- **THE DATA**
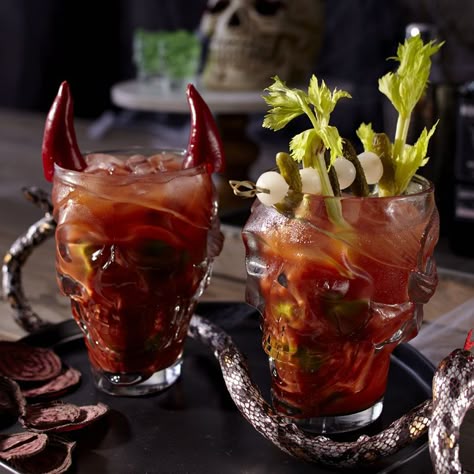 Offer Signature Cocktails With a Gothic Twist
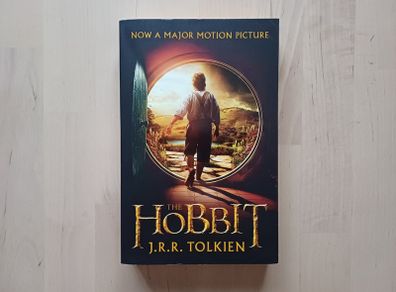 The Hobbit by J.R.R. Tolkien (Film Poster Edition Fantasy Paperback 2012)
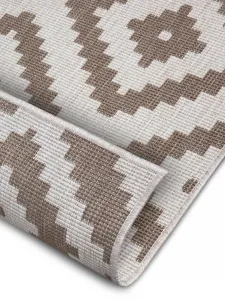 Obojstranný koberec Twin Malta linen
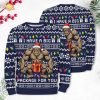 Bigfoot Is This Jolly Enough Ugly Sweater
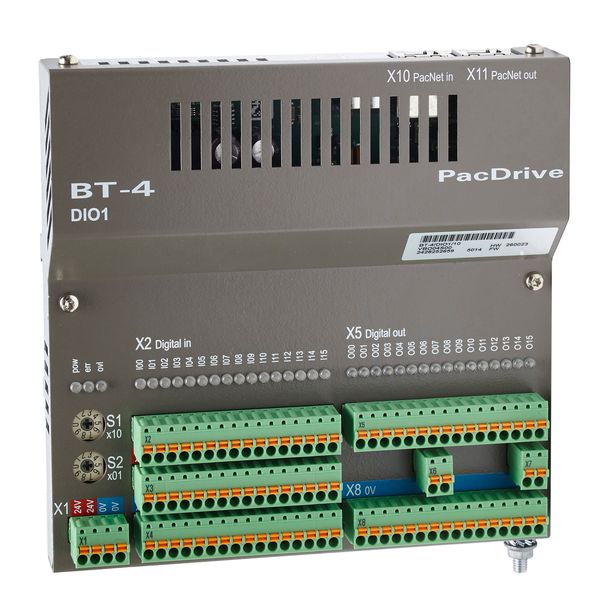 PACNET BUSTERMINAL BT-4/DIO1 16I / 16O image 1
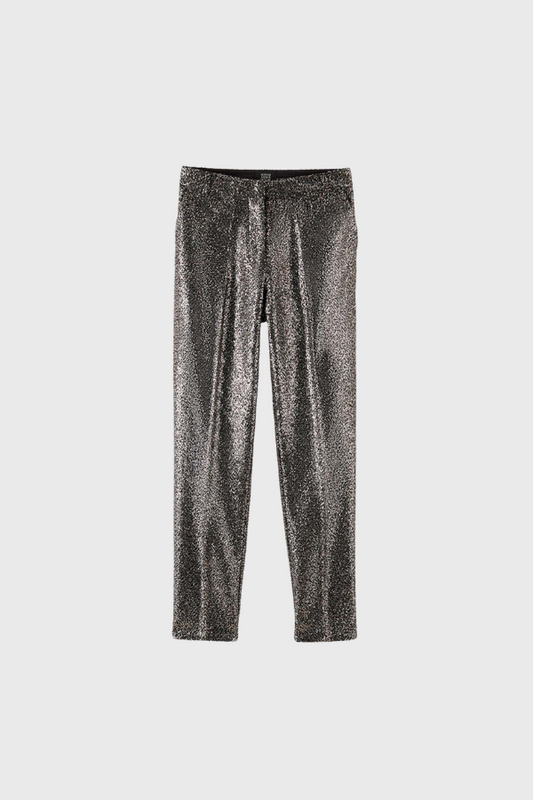 Scotch & Soda Lowry Mid Rise Slim In Mixed Sequins  Παντελόνι 175339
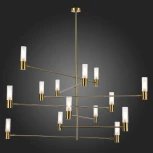 Потолочная люстра ярусная на штанге ST Luce Vitra SL1239.303.14 (220V)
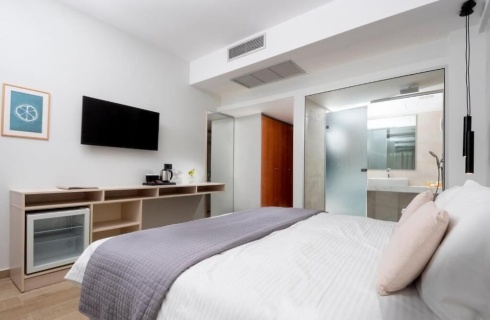 Греция, Родос: Отель Athena Hotel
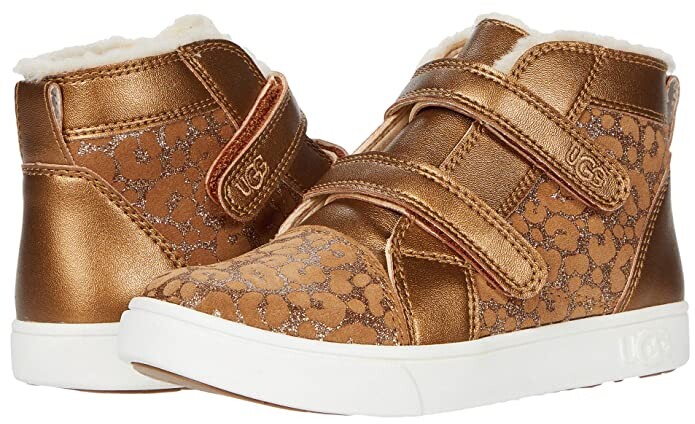 ugg rennon ii glitter leopard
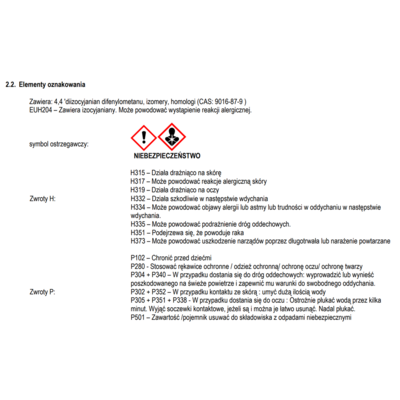 Klej konstrukcyjny 300ml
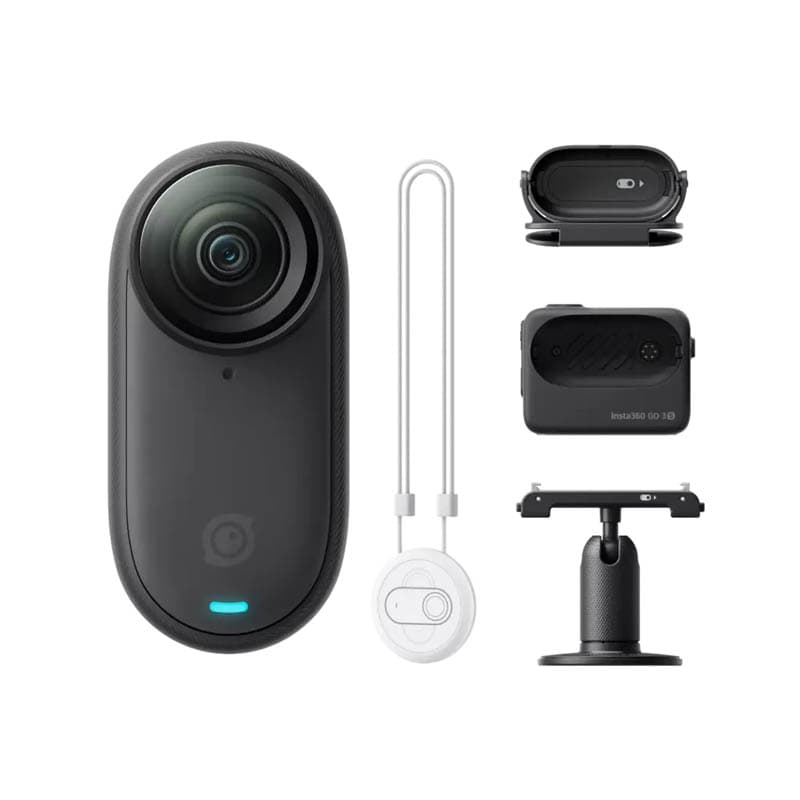 Экшн-камера Insta360 Go 3S | 128 ГБ, Черный 8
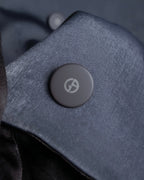 "GIORGIO ARMANI" Double breasted 2way collar design short jacket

- **WHAT NEEDS TO BE DONE**
Every line from the one containing "Bigfoot Is This Jolly Enough Ugly Sweater" through the end of the entries above is to be copied exactly; pictures are to be left out.

- **ANSWER TO THE EXERCISE**
 Bigfoot Is This Jolly Enough Ugly Sweater
 PACNET BUSTERMINAL BT-4/DIO1 16I / 16O image 1
 Scotch & Soda Lowry Mid Rise Slim In Mixed Sequins  Παντελόνι 175339
 Потолочная люстра ярусная на штанге ST Luce Vitra SL1239.303.14 (220V)
 Греция, Родос: Отель Athena Hotel
 ugg rennon ii glitter leopard
 Klej konstrukcyjny 300ml
 Экшн-камера Insta360 Go 3S | 128 ГБ, Черный 8
 "GIORGIO ARMANI" Double breasted 2way collar design short jacket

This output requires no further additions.